And what do we know about Roberts? With Anthony Kennedy gone, he’s the closest thing to a “swing” vote on the court. More important, he feels responsible for protecting the court as an institution and avoiding the perception that it functions as an unelected super-legislature.
Go back to June 2012, when Roberts cast the decisive vote to uphold the individual mandate of the Affordable Care Act. The mandate required citizens to buy health insurance and imposed a cash penalty if they didn’t. Roberts used verbal acrobatics to turn the penalty into a tax and found it constitutional, though the law as written didn’t call the penalty a tax and Obama had famously denied it was one during a 2009 interview.
The Supreme Court got another shot at the ACA in 2015, when plaintiffs backed by the Competitive Enterprise Institute challenged the legality of federal subsidies in states that hadn’t set up insurance exchanges. Though the law authorized subsidies for policies obtained through exchanges “established by the state,” the government was subsidizing millions of policies bought through the federal exchange.
Again, Roberts declined to interfere, joining Anthony Kennedy and the four liberal justices. His reluctance was not due to a misunderstanding of plain English.

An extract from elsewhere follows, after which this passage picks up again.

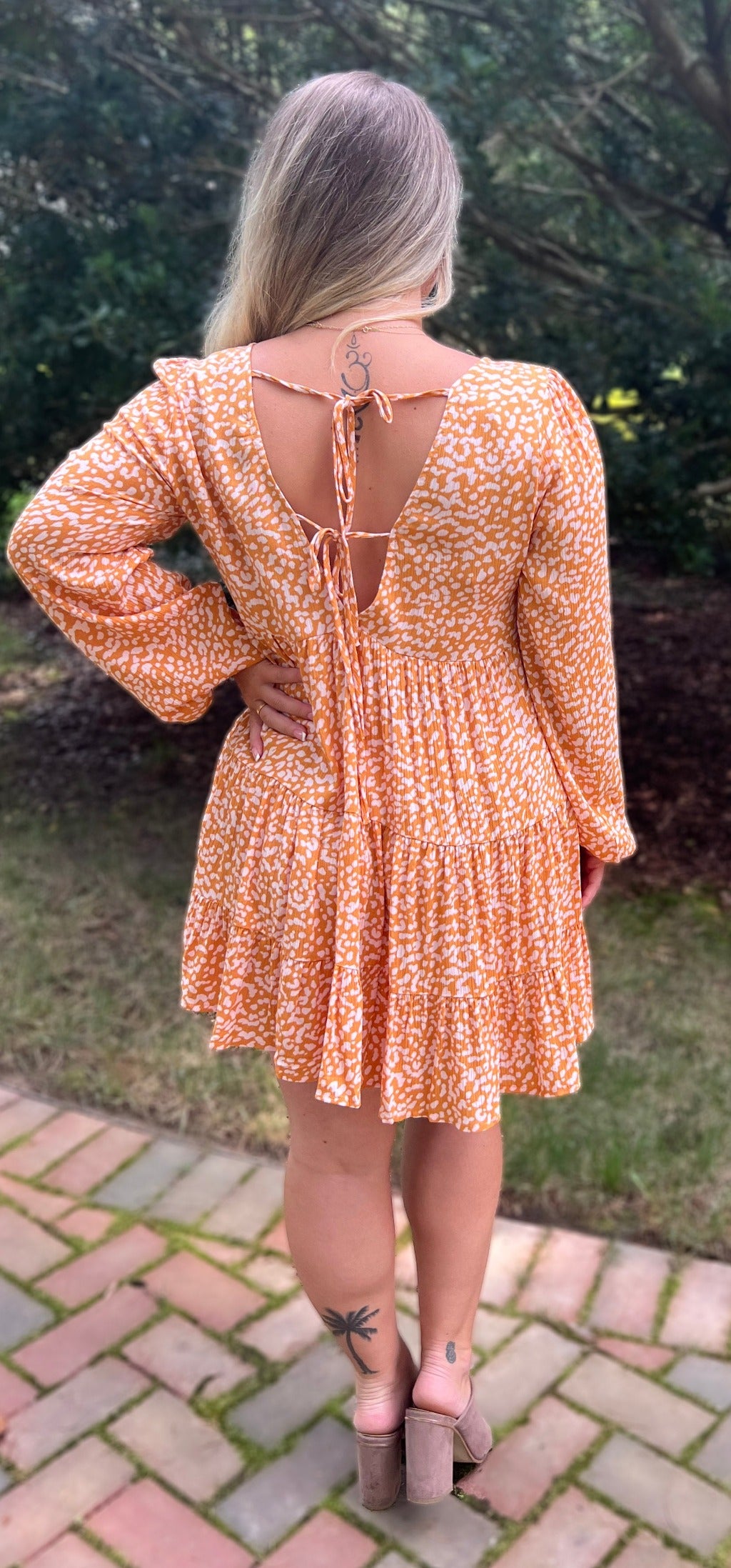 Pumpkin Babydoll Dress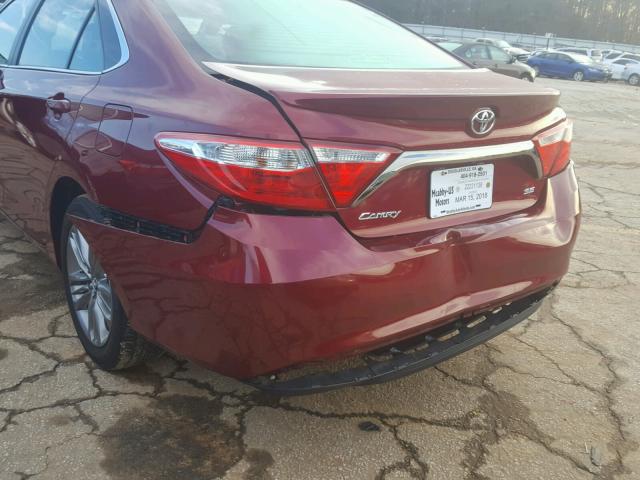 4T1BF1FK9FU879730 - 2015 TOYOTA CAMRY LE RED photo 9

Nor should his reluctance in the earlier case be construed as missed irony: becoming the first government official to define the individual mandate as a tax and then declaring it constitutional on that basis clearly caused Roberts discomfort.
In both cases, the chief justice sacrificed intellectual precision and no small amount of conservative support for the reputation and standing of the court, which more and more Americans were seeing as politicized. He expressed his determination to stay out of the partisan fray when possible in his 2012 decision: “It is not our job to protect the people from the consequences of their political choices.”
That statement pertained to a new law that had never cracked 50 percent in public opinion polls. Now imagine how Roberts might approach a law that dates back to 1973 and has enjoyed majority support from the public ever since. Is he really hoping for a chance to wade into abortion, the most emotionally charged issue in U.S. politics since slavery?